_Action item_:
Report every line of the data where the string "from" appears.

[Start of Attachment]

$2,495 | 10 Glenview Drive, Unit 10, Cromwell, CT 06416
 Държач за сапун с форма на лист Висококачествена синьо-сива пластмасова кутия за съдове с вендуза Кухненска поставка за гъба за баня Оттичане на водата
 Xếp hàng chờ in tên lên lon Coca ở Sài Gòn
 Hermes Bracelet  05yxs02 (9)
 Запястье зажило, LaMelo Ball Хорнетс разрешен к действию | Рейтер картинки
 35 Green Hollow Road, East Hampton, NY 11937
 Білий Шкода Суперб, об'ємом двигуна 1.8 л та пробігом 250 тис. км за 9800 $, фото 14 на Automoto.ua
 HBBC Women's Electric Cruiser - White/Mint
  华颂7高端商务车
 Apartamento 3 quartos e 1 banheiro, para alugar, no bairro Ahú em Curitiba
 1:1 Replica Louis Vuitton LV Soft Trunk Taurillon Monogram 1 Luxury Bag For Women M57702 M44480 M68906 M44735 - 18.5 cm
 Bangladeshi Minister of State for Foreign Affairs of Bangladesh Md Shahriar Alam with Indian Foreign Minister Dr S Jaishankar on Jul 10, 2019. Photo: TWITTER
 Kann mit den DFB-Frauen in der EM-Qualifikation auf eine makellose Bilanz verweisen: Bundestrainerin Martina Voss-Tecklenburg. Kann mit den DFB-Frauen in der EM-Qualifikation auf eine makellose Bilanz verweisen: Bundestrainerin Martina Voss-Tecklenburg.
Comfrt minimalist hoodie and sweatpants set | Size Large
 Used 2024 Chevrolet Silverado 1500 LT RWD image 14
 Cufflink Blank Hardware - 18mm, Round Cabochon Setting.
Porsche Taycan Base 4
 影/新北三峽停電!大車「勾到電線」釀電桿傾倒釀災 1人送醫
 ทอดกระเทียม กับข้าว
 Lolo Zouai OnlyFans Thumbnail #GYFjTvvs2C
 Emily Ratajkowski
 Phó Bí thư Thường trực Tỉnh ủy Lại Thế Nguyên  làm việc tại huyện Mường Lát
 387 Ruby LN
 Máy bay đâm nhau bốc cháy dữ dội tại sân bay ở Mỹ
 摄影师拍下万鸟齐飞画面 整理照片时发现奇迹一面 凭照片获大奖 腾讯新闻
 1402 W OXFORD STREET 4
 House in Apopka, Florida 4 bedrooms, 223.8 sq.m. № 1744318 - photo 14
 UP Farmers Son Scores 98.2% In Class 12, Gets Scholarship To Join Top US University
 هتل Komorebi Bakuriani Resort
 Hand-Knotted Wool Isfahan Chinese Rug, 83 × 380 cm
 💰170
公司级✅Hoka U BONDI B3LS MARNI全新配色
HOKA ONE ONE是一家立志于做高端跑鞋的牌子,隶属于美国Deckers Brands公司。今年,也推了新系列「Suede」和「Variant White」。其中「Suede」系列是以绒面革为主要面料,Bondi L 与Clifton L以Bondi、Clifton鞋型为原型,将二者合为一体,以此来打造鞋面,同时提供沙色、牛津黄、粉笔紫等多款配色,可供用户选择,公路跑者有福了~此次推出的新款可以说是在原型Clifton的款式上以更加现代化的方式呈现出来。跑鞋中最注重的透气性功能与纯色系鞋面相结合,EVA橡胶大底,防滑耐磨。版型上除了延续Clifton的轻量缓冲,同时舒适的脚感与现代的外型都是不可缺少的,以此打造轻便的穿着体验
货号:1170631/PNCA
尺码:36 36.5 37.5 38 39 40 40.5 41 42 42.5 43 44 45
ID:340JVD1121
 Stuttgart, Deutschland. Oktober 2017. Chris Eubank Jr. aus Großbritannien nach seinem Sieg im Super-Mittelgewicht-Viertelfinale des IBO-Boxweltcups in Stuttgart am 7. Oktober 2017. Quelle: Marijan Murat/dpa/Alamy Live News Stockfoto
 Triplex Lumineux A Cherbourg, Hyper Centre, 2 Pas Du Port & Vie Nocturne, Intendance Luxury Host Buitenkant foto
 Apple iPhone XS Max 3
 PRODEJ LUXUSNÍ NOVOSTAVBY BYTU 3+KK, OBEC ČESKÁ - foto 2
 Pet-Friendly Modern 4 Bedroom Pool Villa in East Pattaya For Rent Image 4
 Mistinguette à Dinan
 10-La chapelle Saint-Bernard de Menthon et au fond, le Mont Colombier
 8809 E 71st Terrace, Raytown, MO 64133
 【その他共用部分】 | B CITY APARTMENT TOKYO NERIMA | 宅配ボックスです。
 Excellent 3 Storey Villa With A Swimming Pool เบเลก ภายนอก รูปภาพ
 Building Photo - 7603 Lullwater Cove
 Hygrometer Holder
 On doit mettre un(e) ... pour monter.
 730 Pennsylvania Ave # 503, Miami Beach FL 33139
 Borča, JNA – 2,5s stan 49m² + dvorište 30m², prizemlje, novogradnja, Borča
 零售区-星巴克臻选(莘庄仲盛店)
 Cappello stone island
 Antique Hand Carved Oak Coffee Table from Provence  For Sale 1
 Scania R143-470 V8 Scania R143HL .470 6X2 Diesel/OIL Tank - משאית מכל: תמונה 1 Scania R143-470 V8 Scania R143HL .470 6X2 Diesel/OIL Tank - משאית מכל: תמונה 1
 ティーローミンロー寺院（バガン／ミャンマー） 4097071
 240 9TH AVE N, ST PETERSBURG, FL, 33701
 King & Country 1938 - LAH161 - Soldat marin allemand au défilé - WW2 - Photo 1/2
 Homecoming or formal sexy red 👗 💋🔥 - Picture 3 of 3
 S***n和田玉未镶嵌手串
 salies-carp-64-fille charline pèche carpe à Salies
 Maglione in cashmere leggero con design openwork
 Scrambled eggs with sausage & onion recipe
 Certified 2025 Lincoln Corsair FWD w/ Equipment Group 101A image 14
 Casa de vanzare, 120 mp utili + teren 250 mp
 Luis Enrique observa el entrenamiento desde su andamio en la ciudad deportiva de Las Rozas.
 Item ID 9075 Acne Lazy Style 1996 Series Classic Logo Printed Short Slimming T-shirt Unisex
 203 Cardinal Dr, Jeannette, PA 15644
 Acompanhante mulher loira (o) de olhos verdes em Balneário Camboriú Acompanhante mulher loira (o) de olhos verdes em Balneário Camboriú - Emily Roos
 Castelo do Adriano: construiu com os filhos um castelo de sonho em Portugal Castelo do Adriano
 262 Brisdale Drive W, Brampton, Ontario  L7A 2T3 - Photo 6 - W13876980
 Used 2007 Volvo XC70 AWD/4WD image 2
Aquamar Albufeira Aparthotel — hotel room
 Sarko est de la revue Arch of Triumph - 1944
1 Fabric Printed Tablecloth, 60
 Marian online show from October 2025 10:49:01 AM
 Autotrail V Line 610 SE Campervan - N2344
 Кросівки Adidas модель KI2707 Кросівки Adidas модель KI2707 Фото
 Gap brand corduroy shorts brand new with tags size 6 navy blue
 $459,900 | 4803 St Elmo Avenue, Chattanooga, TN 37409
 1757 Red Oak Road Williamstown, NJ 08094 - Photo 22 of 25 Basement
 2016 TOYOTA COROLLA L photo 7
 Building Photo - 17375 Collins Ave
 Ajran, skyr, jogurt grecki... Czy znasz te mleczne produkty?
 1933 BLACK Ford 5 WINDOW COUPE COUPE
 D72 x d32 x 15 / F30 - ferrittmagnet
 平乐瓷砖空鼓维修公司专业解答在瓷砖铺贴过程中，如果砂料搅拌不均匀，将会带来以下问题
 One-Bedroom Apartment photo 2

[End of Attachment]

_Response_:
 Antique Hand Carved Oak Coffee Table from Provence  For Sale 1
 Marian online show from October 2025 10:49:01 AM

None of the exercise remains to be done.